* **Exercise data**:
***

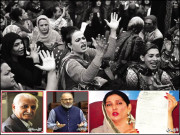 ٹرانسجینڈر ایکٹ جسے خود ٹرانسجینڈرز قبول کرنے کو تیار نہیں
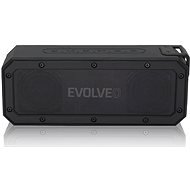 EVOLVEO ARMOR O5 - Bluetooth-Lautsprecher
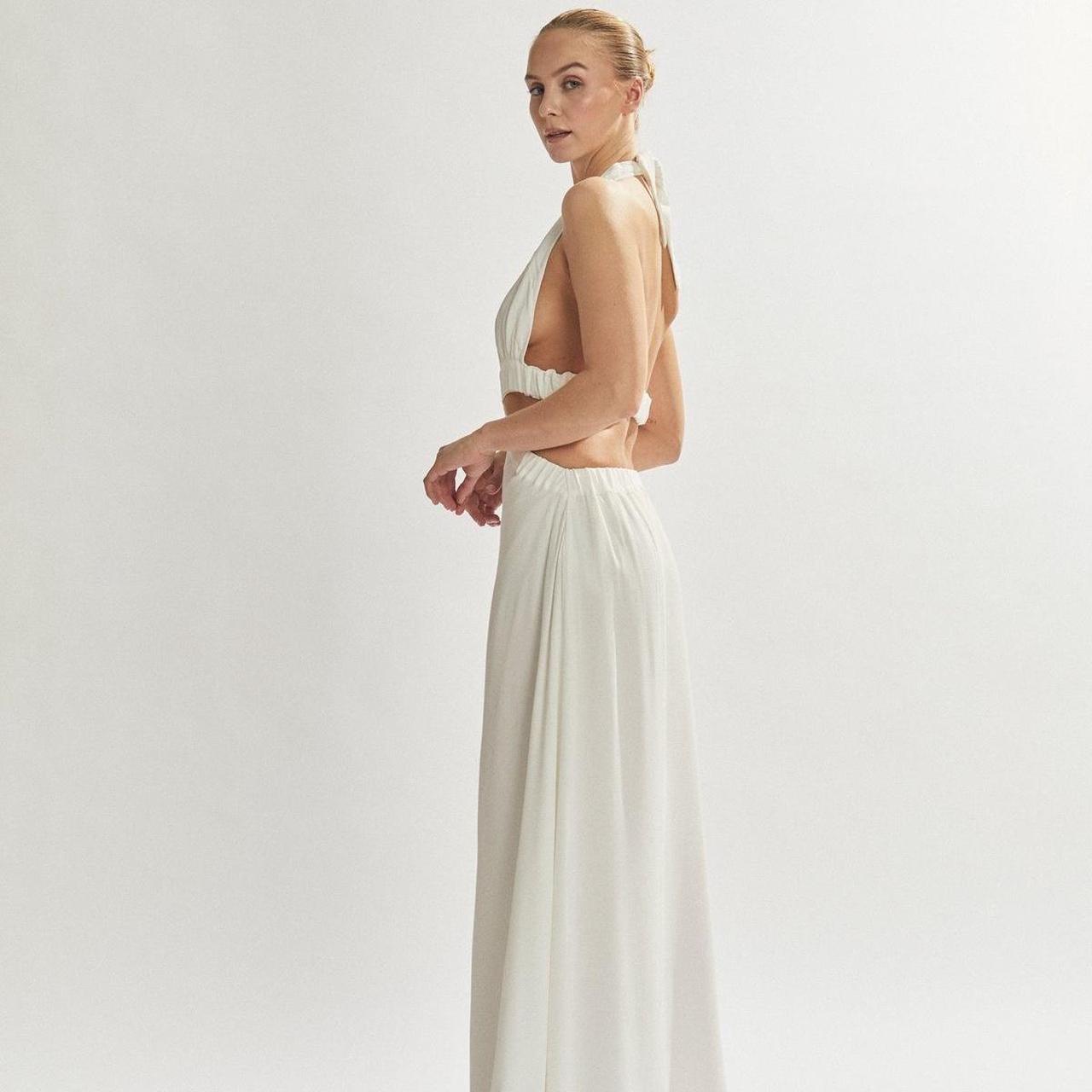 JESKA MAXI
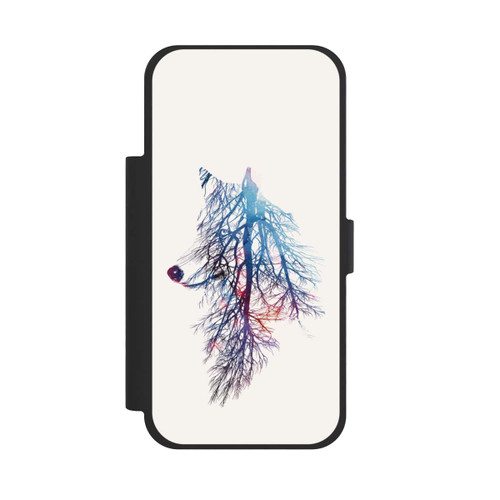 Apple iPhone 17 Pro Max NIVOflip My Roots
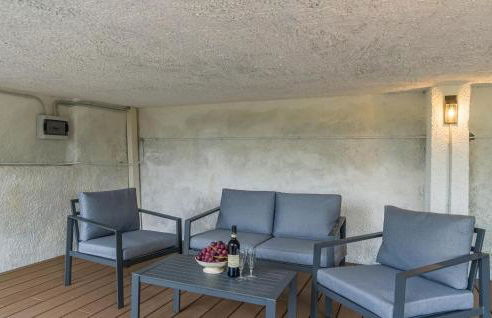 Villa Anna In Monferrato - Foto 12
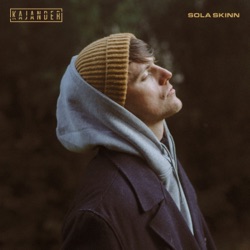 Kajander - Sola Skinn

***

* **Task details**: Transcribe the records above exactly and drop every picture.

* **Reply**:
 ٹرانسجینڈر ایکٹ جسے خود ٹرانسجینڈرز قبول کرنے کو تیار نہیں
 EVOLVEO ARMOR O5 - Bluetooth-Lautsprecher
 JESKA MAXI
 Apple iPhone 17 Pro Max NIVOflip My Roots
 Villa Anna In Monferrato - Foto 12
 Kajander - Sola Skinn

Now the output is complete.